§ **SUPPLIED MATERIAL**:
════
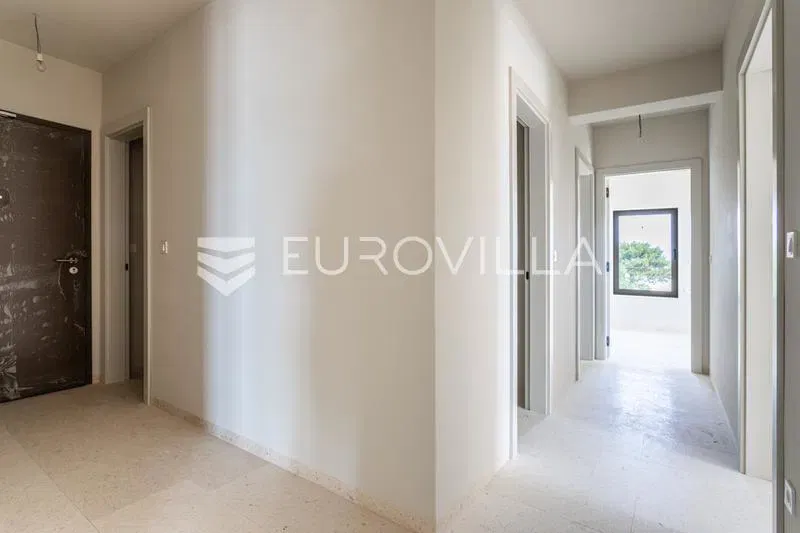 Vodice, NEW BUILD, modern three-bedroom apartment, 120.89 m², sea view, S5 – 3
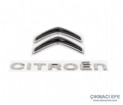 Citroen C3 Aircross Bagaj Amblemi YQ00151480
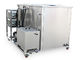28/40Khz Ultrasonic Glass Cleaner 77l Each Tank Cleaning Tank And Drying Tank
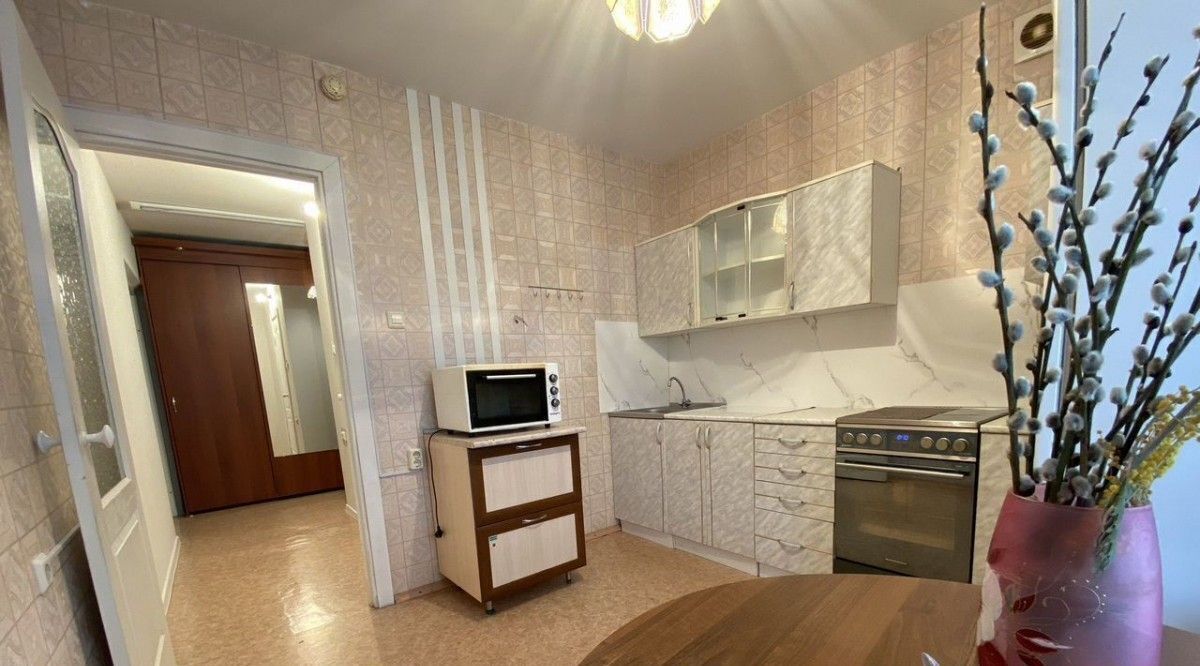 квартира г Томск р-н Октябрьский тракт Иркутский 194а фото 1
════
§ **PROBLEM TO SOLVE**: Restate the data above word for word, omitting every picture.

§ **RESPONSE TO THIS EXERCISE**:
 Vodice, NEW BUILD, modern three-bedroom apartment, 120.89 m², sea view, S5 – 3
 Citroen C3 Aircross Bagaj Amblemi YQ00151480
28/40Khz Ultrasonic Glass Cleaner 77l Each Tank Cleaning Tank And Drying Tank
 квартира г Томск р-н Октябрьский тракт Иркутский 194а фото 1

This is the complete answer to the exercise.